Rifleman Richard Robinson watched as Stuart Nash, 21, of the 1st Battalion The Rifles, who was killed by enemy gunfire in Afghanistan, was repatriated.

Veterans, shoppers and children lined the town’s High Street and as the slow procession with a flag draped over the coffin stopped, a hush fell and only the toll of a church bell could be heard.

Rifleman Nash, an Australian national whose family lives in Australia, had only joined the army in March, but was fatally wounded by enemy gunfire while taking part in an operation against enemy forces in an area north west of Lashkar Gah in Helmand on Wednesday.

Rifleman Robinson, of Limes Avenue, Pinehurst, who is home on leave for Christmas, wanted to be at the repatriation ceremony.

“I didn’t really know him that well, he was fresh out of training,” he said.

“Just before I left to go he helped me out with a few boxes and I just got talking to him.

“He seemed like a good lad.

“They said he was really switched on, a good soldier.

“I feel most for his parents at this time.

“It must be really hard for them because he’s just joined the army and they would never think that’s going to happen to him.

“Families don’t ever think that way otherwise they would be upset all the time so for that to happen is just a killer.”

With Christmas just around the corner people still took the time to attend the repatriation. For some it was their first opportunity.

Wootton Bassett resident Mark Mitchell, 39, had brought along daughter Britney, eight, and would normally be at work.

“I don’t normally get the chance to pay my respects,” he said.

“I should imagine there’s quite a few people here today who wouldn’t normally make it.

“It’s quite an eerie sort of feeling, but it brings it back to the reality.

“It’s one thing reading it in the paper, but when you are here and see it going on that’s the reality of it.”

Marilyn Gray, 62, of Wootton Bassett, was at the repatriation with her daughter and two grandchildren.

She said: “They’re not alive, but we wish to welcome them home.

“They died for us. What else can we do for them?”

Veterans were also there in force to salute a fallen comrade along with members of the police and fire services.

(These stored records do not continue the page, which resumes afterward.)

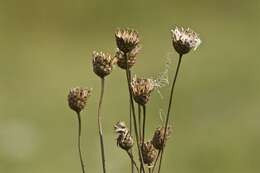 Centaurea scabiosa L. resmi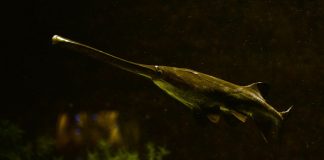 Peștele-spadă american (Polyodon spathula), un pește osos primitiv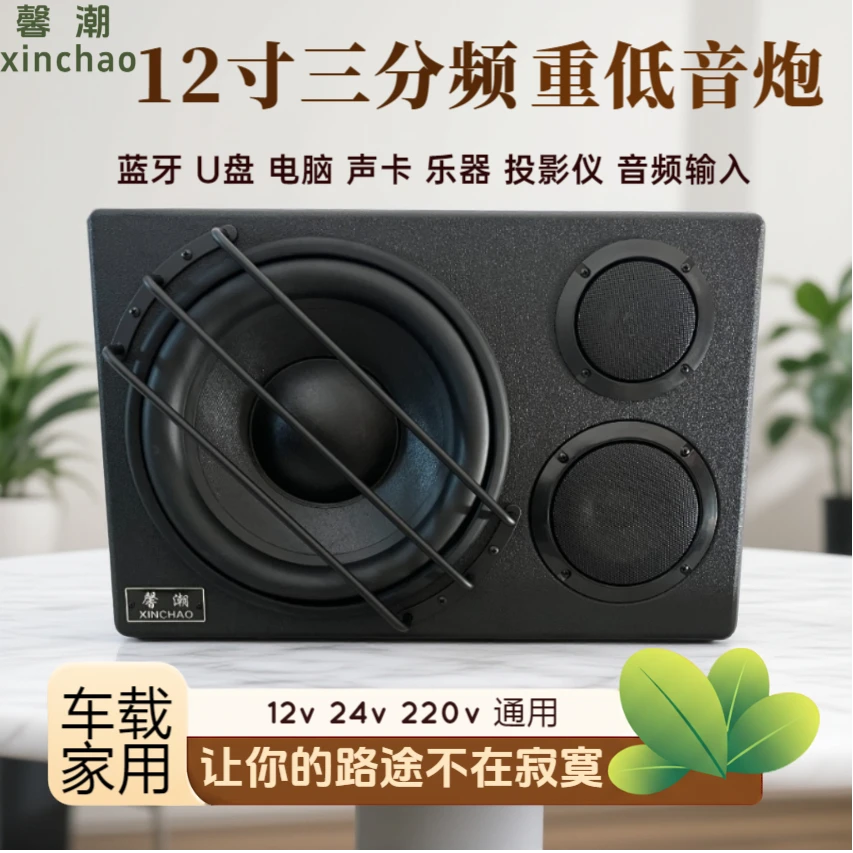 12寸三分频大功率 汽车货车 工厂家用12V/24V/220V多功能重低音炮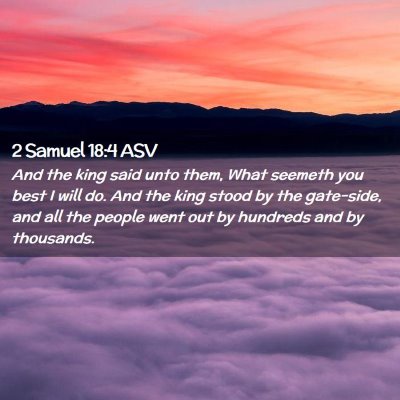 Picture 02 - 2 Samuel 18:4 ASV - And the king said unto them, What seemeth you - Bible Verse Picture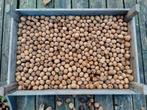Verse Biologische Walnoten te Koop, Tuin en Terras, Planten | Bomen, Ophalen, Volle zon, Overige soorten, Minder dan 100 cm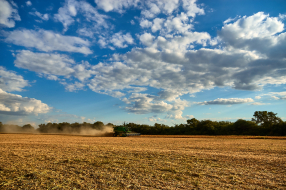 gallery/_dsc4452_001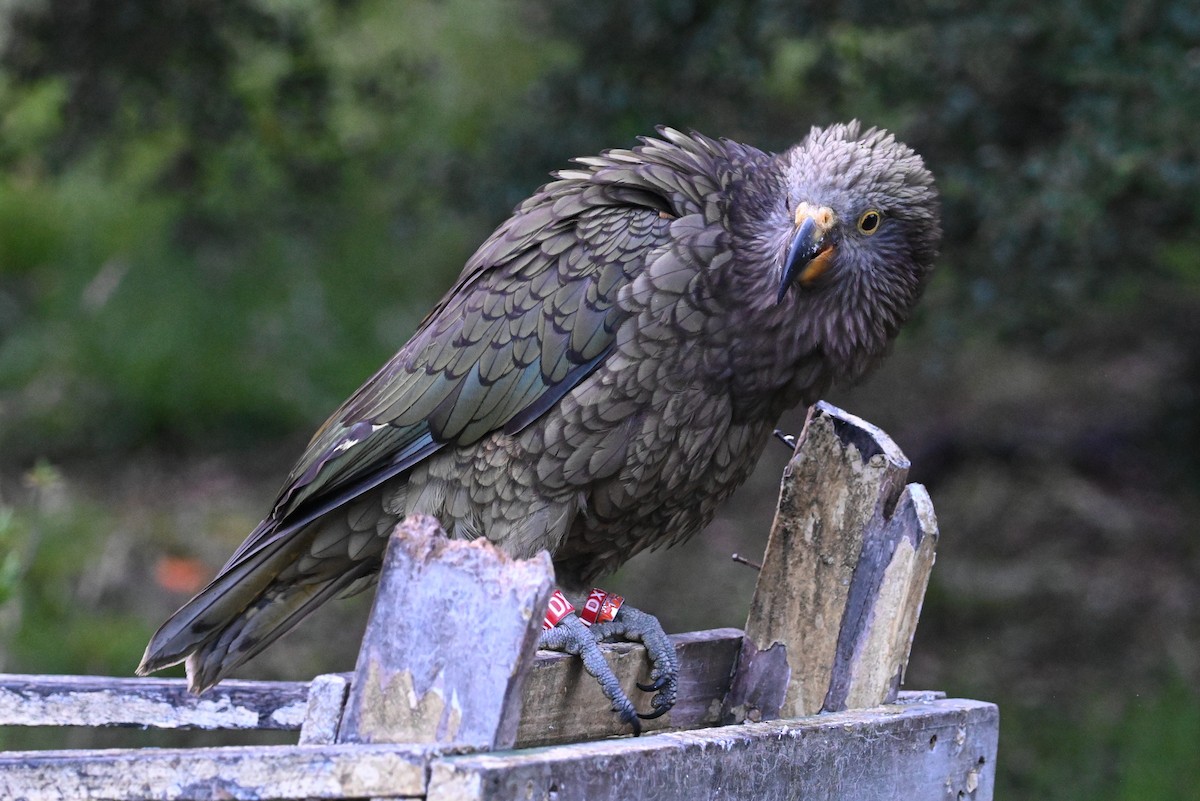 Кеа - ML545155741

Colin Pearson, of the Purton Royal British Legion, said: “I think it’s important that we show our support and if they can give their lives to this country the least we can do is spend a few minutes paying our respects.

“It doesn’t matter whether we believe in the cause or not; these people are still dying in our name.

“It’s always sad, but it’s obviously more sad this time of year because the family will be reminded every Christmas.”

Ex RAF and fire association member Dan Gurney said: “These lads are a long from home and they’re coming back, never really having had an adult life.”